在西方人的眼中,没有宗教信仰的人,都是像猛兽一样让人可怕,他们认为你像金石一样是没有心肠的。没有信仰,就没有敬畏之心;没有敬畏之心就什么都不怕,就什么都干得出来。
祖辈的遭遇又轮回到了倚相身上,齐国兵打来了,他为了保卫自己精心收集的书籍和儿孙安全,举家迁回到了鲁国君庄,在这里他为了不让子孙由于搬来迁去忘记自己是谁,就用齐国古都名营丘的“丘”字为姓,让他们记住自己是齐国人,看来无论你走到哪里,都不能得意忘形,数典忘祖。
由于水土不服,加上一路惊吓,父亲刚到鲁国就一病不起,弥留之际他拉着小丘明的手,充满渴望地嘱托道:“不孝子丘明记住,希望你不辜负父亲千里来鲁的目的,努力整理史籍资料,做出点成就,告慰一下我的在天之灵。”小丘明没有说话,没有哭泣,只是默默地点了点头。
很奇怪当时大多数大师都在鲁国成名于后世,这就是这方土地对文字的热爱,像犹太人对金币的着迷一样,那是骨子里的东西。

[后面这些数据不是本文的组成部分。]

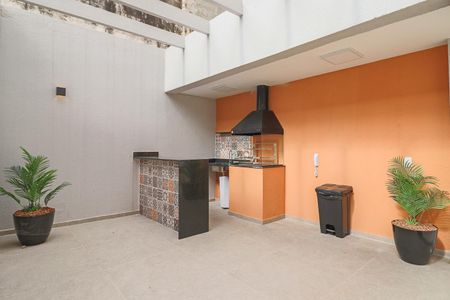 Apartamento para alugar com 40m², 2 quartos e sem vaga Apartamento para alugar com 40m², 2 quartos e sem vagaÁrea comum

为了完成父亲未完成的事业,左丘明从小就与别的小孩不一样,表现出脾气冰冷的一面。他不喜欢交友,不喜欢亮光,总是自己一个人在一个小角落里读着像天书一样的金文、篆书。年年如此,久而久之就形成了他沉默寡言的性格与略带结巴的谈吐。不久后,他通过向鲁国献出他父亲所有的书籍,换取了无人问津的冷水衙门太史官之职。因为他为了写书,他必须生存,必须有口饭吃。就像人一样,虽然你比所有东西都聪明,但最终你还是动物。你不能活在空气中,更不能像天使一样活在童话里。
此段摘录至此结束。